***** Data supplied

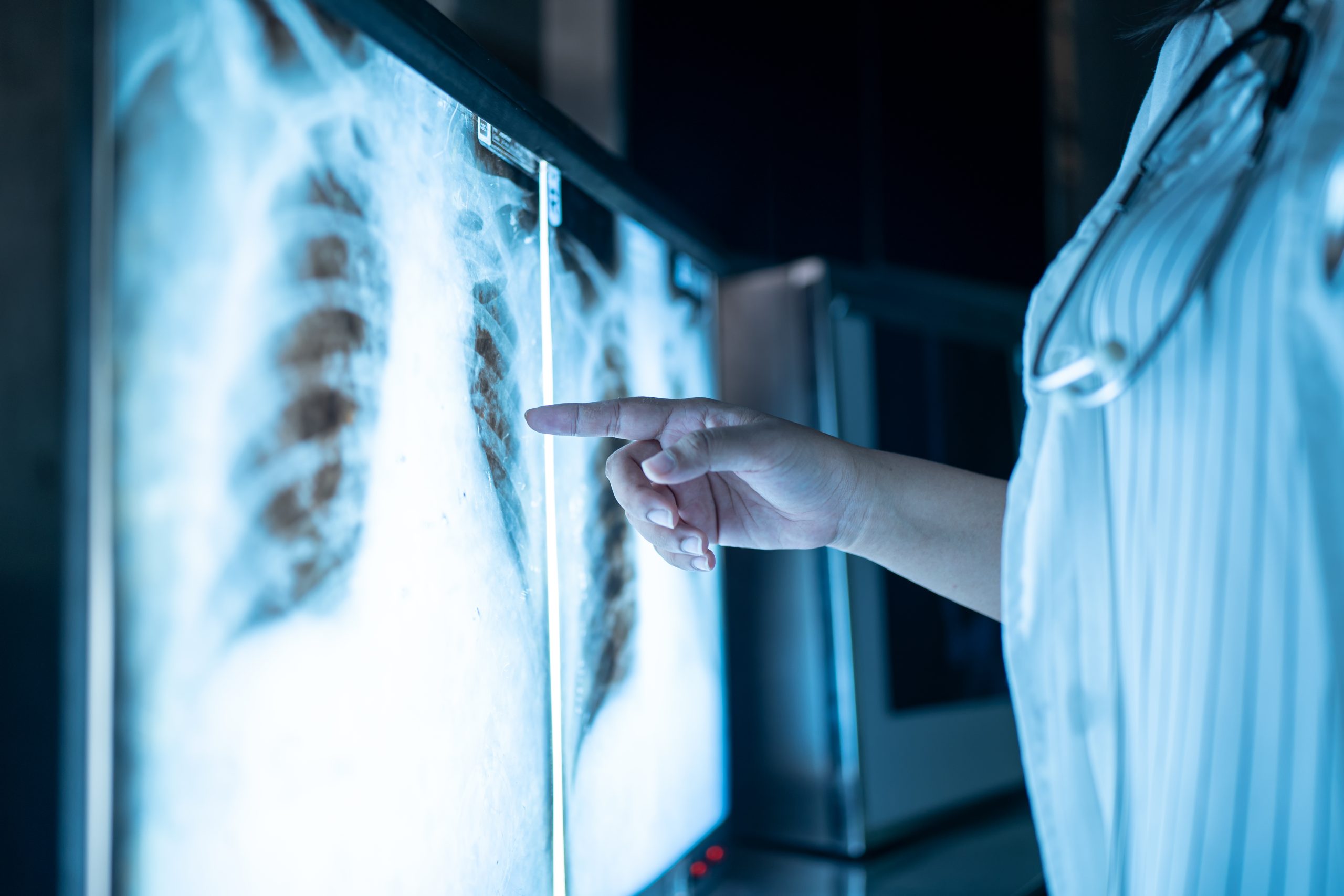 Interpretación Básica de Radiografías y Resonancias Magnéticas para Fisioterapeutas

**********
***** Data supplied

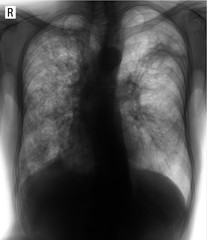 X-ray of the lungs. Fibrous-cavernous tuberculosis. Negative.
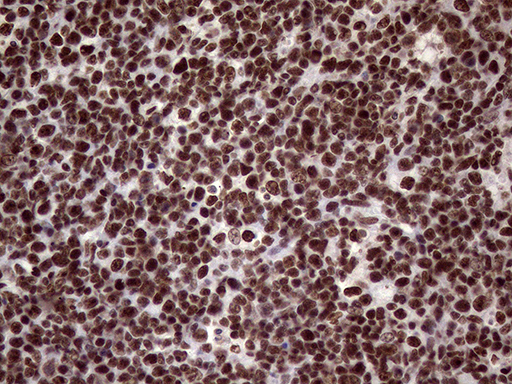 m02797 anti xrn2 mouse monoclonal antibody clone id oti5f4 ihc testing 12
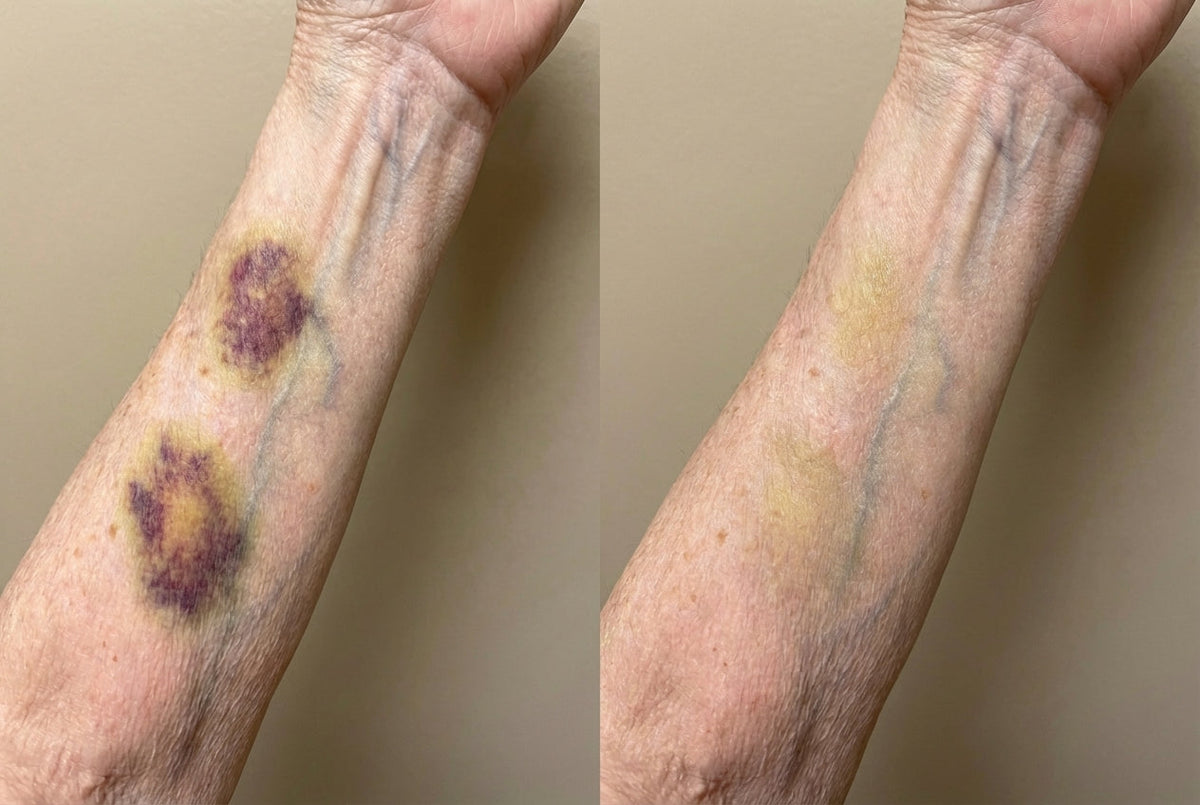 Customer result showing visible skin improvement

**********
***** Data supplied

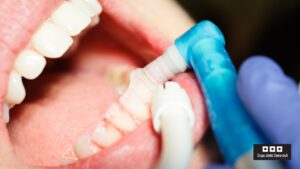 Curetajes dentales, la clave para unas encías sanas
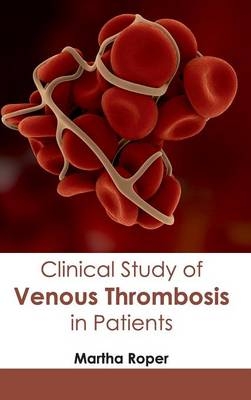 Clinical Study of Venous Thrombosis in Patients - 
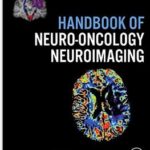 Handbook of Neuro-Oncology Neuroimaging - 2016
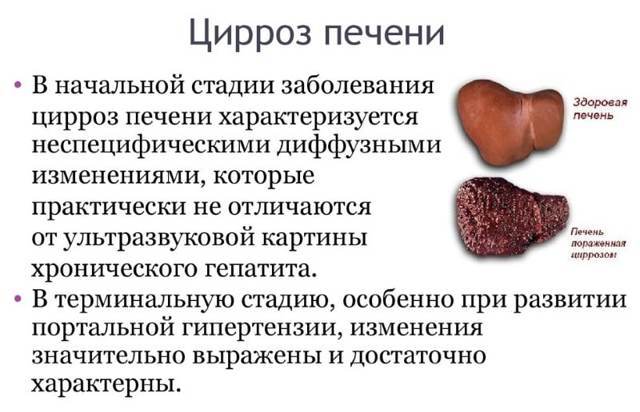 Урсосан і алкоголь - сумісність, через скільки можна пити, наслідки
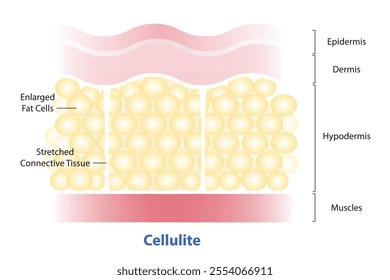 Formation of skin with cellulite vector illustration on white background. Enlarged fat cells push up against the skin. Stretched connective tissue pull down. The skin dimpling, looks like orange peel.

**********

** Try it **
Line for line, output the entries above from the line with "Clinical Study of" to the line with "Formation of skin", both included, and nothing more. Skip pictures.

** Response box **
 Clinical Study of Venous Thrombosis in Patients - 
 Handbook of Neuro-Oncology Neuroimaging - 2016
 Урсосан і алкоголь - сумісність, через скільки можна пити, наслідки
 Formation of skin with cellulite vector illustration on white background. Enlarged fat cells push up against the skin. Stretched connective tissue pull down. The skin dimpling, looks like orange peel.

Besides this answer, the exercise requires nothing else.